Sans oublier le fait que cela donnerait un grand pouvoir aux navigateurs, qui auraient bien du mal à être contrebalancés. Les éditeurs européens, quant à eux, sont tout aussi frileux à cette idée. Comme l’ont affirmé l’Association Européenne des Médias Magazine et l’Association Européenne des Editeurs de Journaux, un risque majeur pèse sur l’économie numérique, à travers les décisions relatives au Privacy Sandbox. Selon eux, la modification du ciblage publicitaire basé exclusivement sur les navigateurs, reviendrait à donner tous les droits à Google. En effet, le navigateur étant le seul à pouvoir traiter et comprendre ses données, nul autre acteur n’aurait la possibilité de le faire.

La mise en place du Privacy Sandbox se concrétisant au fil du temps, il reste un certain nombre de questions qui se posent.

Dans ce cadre, un ensemble de navigateurs se sont prononcés contre le ciblage par cohortes, dont Brave en tout premier lieu, jugeant ce système comme ne respectant pas la vie privée de l’internaute[1]. Ont suivi les navigateurs Vivaldi et Firefox, entre autres. Et si le FLoC a tout de même été activé par Google au début de l’année 2021, ce choix ne fait pas l’unanimité. Par exemple, l’Electronic Frontier Foundation s’y est fermement opposée :

« Nous rejetons catégoriquement l’avenir de FLoC. Ce n’est pas le monde que nous voulons ni celui que les utilisateurs méritent. Google doit tirer les bonnes leçons de l’ère du suivi par des tiers et concevoir son navigateur pour qu’il fonctionne pour les utilisateurs, pas pour les annonceurs »[2].

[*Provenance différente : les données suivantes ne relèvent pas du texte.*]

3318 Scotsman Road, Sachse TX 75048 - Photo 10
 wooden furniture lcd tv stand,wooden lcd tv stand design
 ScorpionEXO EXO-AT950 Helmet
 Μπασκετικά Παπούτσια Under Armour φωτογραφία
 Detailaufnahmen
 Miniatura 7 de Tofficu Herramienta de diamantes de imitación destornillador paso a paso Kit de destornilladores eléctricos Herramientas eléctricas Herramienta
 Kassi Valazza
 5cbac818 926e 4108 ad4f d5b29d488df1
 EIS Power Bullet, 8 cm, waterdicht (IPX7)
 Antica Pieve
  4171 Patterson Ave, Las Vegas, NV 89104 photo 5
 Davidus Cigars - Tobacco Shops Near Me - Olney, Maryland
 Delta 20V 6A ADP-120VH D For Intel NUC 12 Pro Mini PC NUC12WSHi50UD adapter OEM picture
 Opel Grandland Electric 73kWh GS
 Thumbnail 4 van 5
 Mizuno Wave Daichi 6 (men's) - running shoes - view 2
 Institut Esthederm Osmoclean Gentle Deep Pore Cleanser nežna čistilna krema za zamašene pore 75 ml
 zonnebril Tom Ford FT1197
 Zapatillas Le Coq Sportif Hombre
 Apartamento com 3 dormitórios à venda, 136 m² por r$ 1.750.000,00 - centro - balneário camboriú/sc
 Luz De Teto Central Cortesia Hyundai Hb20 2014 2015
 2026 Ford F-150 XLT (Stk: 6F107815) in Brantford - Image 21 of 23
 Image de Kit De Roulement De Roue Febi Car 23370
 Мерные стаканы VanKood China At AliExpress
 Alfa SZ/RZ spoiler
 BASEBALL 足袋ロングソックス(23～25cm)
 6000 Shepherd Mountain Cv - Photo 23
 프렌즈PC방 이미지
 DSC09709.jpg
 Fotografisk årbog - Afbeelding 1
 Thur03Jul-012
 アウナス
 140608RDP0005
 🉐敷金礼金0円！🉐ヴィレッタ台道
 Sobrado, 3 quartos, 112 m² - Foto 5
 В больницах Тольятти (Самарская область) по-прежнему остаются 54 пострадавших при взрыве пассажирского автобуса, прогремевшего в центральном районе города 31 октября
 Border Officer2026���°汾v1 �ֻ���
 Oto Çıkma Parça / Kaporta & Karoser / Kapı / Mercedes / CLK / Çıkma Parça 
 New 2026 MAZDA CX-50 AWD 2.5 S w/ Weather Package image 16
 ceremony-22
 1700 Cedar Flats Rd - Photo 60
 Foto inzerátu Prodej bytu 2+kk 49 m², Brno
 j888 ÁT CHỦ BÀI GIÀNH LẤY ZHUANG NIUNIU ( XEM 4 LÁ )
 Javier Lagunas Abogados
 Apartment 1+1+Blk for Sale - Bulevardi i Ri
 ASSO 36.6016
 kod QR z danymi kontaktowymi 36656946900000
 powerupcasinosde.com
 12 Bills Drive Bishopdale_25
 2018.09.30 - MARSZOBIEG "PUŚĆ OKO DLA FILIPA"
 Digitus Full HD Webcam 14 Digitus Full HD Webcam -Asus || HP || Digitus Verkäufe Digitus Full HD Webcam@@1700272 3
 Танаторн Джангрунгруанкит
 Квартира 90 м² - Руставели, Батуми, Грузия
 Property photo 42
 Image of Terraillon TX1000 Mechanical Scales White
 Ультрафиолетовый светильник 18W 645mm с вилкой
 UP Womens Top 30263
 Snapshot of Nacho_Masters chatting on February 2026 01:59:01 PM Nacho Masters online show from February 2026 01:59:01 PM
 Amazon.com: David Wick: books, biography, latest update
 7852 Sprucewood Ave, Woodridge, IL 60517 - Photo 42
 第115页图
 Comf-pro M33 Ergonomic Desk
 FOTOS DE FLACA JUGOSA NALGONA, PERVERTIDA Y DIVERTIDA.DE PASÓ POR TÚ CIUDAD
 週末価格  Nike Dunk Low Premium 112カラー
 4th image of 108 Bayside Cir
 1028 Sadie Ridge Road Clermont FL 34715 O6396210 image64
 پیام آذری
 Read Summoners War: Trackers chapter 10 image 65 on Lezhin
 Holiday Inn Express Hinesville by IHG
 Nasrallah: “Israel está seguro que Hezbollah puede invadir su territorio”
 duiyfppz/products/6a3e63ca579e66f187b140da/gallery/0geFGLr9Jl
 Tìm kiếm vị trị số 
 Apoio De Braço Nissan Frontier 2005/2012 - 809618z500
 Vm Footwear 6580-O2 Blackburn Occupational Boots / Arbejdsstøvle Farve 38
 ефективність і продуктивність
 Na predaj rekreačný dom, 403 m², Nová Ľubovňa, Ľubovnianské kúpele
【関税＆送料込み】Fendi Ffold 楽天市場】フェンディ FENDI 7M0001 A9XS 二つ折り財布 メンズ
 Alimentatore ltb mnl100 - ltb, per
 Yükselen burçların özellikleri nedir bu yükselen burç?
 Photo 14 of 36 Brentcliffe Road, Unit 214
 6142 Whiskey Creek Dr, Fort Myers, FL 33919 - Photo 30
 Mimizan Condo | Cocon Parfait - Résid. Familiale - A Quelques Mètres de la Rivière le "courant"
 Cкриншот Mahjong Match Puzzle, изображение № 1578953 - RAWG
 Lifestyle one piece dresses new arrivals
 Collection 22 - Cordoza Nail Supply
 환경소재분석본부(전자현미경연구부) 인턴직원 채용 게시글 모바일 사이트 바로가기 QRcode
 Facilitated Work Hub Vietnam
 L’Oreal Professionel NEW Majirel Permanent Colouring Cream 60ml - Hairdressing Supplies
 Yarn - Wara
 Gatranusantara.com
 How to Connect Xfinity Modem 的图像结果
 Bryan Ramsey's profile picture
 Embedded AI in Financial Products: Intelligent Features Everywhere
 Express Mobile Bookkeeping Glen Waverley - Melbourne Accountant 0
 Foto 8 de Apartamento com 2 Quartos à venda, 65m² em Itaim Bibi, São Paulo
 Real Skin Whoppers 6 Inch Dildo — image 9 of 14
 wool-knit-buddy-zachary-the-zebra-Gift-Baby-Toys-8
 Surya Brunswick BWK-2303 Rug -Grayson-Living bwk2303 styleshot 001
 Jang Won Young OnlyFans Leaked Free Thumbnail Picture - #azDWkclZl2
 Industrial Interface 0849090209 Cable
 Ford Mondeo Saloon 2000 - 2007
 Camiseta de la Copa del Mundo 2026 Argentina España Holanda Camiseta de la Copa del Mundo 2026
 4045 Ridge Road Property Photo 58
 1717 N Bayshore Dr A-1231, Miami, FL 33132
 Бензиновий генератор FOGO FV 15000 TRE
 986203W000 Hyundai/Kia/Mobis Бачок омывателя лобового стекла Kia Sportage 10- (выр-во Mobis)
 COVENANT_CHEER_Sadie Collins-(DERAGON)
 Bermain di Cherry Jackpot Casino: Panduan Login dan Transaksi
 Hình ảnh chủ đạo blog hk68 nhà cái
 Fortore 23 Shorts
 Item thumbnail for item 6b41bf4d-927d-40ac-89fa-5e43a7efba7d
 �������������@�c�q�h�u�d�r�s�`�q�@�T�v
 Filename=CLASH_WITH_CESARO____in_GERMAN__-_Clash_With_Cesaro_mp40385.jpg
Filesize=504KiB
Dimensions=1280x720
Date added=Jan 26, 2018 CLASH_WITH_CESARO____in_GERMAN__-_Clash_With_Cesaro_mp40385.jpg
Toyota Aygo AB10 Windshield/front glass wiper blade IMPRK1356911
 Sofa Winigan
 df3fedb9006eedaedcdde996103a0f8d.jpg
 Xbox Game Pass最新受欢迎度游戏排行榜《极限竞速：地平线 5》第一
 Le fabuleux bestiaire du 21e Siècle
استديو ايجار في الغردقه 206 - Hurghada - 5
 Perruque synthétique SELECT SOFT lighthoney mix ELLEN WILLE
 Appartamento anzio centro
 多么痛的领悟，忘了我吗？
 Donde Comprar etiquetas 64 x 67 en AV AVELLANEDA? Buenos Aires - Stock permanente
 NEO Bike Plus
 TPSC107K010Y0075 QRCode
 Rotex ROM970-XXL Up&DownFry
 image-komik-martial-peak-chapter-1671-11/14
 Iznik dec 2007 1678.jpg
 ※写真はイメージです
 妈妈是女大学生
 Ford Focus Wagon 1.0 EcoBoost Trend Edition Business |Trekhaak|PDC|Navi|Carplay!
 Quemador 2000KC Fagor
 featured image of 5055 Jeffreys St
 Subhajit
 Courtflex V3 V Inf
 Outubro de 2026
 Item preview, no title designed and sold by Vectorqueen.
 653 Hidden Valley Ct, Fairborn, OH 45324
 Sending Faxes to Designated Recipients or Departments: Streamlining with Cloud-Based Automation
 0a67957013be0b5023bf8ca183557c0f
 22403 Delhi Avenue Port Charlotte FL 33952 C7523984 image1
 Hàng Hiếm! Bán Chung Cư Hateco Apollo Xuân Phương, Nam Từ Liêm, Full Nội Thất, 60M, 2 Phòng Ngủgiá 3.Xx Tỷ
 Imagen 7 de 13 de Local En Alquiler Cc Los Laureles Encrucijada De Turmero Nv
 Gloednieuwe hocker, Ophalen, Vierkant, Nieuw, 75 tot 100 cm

S’il faut donc retenir plusieurs points relatifs au Privacy Sandbox, notons un désir de protection des données défendu par Google. En se servant de sa suite d’API ouvertes, le navigateur sera donc le seul détenteur des informations de navigation, filtrées avant d’être partiellement retransmises aux annonceurs. En conclusion, la publicité ciblée sera désormais anonyme, grâce à la suppression des cookies tiers dès 2023. Cela dit, il demeure un certain nombre d’acteurs s’opposant au projet tel qu’il est en l’état, contestant la légitimité de certaines des décisions de Google. Il nous reste désormais à voir quelles seront les prochaines étapes dans la mise en place concrète du Privacy Sandbox !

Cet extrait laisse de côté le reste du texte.